For above rule dynamic message will be generated as-

Entire users table is scanned to find matching rows, you have 1 possible keys to use

For above rule dynamic suggestion will be generated as-

Use index here. You can use index from possible key: ["PRIMARY", "user_email"] or add new one to users table as per the requirements.

Absent rule example

"key": {
  "description": "index key used for the table",
  "value_type": "string",
  "rules": {
    "absent": {
      "impact": "negative",
      "message": "There is no index key used for $table table, and can result into full scan of the $table table",
      "suggestion": "Please use index from possible_keys: $possible_keys or add new one to $table table as per the requirements." 
    }
  }
}

For above rule dynamic message will be generated as-

There is no index key used for users table, and can result into full scan of the users table

For above rule dynamic suggestion will be generated as-

Please use index from possible_keys: ["PRIMARY", "user_email"] or add new one to users table as per the requirements.

Threshold rule example

"possible_keys": {
  "description": "Index keys possible for a specifc table",
  "value_type": "array",
  "delimiter": ",",
  "rules": {
    "threshold": {
      "amount": 5,
      "impact": "negative",
      "message": "There are $amount possible keys for $table table, having too many index keys can be unoptimal",
      "suggestion": "Please check if there are extra indexes in $table table." 
    }
  }
}

For above rule dynamic message will be generated as-

There are 10 possible keys for users table, having too many index keys can be unoptimal

For above rule dynamic suggestion will be generated as-

Please check if there are extra indexes in users table.

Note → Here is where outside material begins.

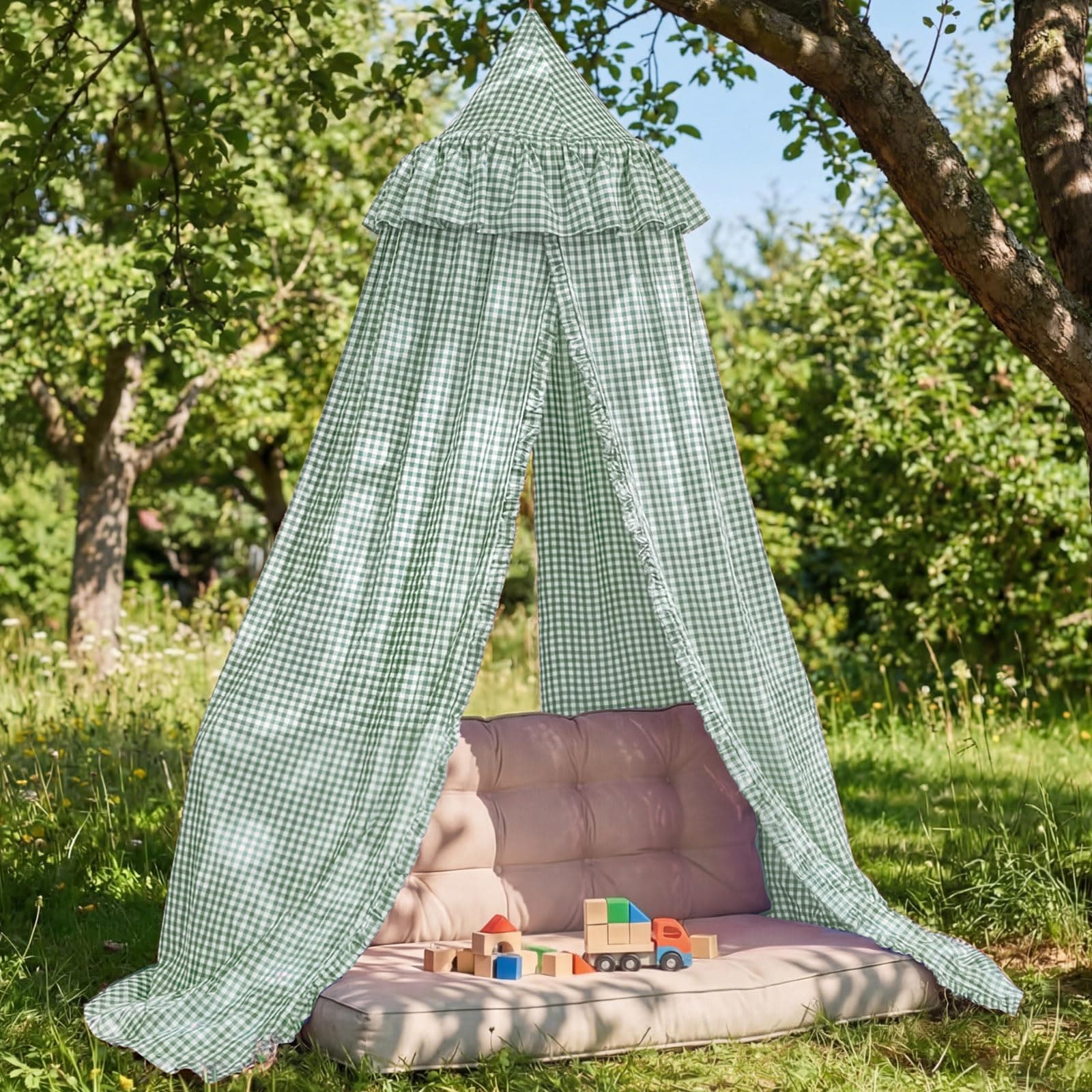 SmoothNovelty Gingham Plaid Bed Canopy with Ruffles, Green White, Round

Complex Detailed rule example

"detailed#used_columns": {
  "description": "",
  "value_type": "array",
  "rules": {
    "threshold": {
      "amount": 7,
      "impact": "negative",
      "message": "You have selected $amount columns, You should not select too many columns.",
      "suggestion": "Please only select required columns." 
    }
  }
}

For above rule dynamic message will be generated as-

You have selected 10 columns, You should not select too many columns.

For above rule dynamic suggestion will be generated as-

Please only select required columns.

Summary

You can define similar rules for summary. Current summary attribute supported -

cardinality - cardinality based on the all tables

NOTE: You can add custom summary attributes by defining how to calculate them in QueryRuleEngine.add_summary for a attribute key.

Attributes

There all lot of attributes for you to use based on the final execution plan.

You can use normal execution plan attribute directly. Eg. select_type, type, Extra, possible_keys

To check more keys you can use EXPLAIN <query>

You can use detailed execution plan attribute can be used in flatten form with detailed# prefix. Eg. detailed#used_columns, detailed#cost_info#read_cost

To check more keys you can use EXPLAIN format=JSON <query>

Development

After checking out the repo, run bin/setup to install dependencies. Then, run rake spec to run the tests. You can also run bin/console for an interactive prompt that will allow you to experiment.

To install this gem onto your local machine, run bundle exec rake install. To release a new version, update the version number in version.rb, and then run bundle exec rake release, which will create a git tag for the version, push git commits and the created tag, and push the .gem file to rubygems.org.

Contributing

Bug reports and pull requests are welcome on GitHub at https://github.com/[USERNAME]/query_rule_engine. This project is intended to be a safe, welcoming space for collaboration, and contributors are expected to adhere to the code of conduct.

License

The gem is available as open source under the terms of the MIT License.

Code of Conduct

Everyone interacting in the QueryRuleEngine project's codebases, issue trackers, chat rooms and mailing lists is expected to follow the code of conduct.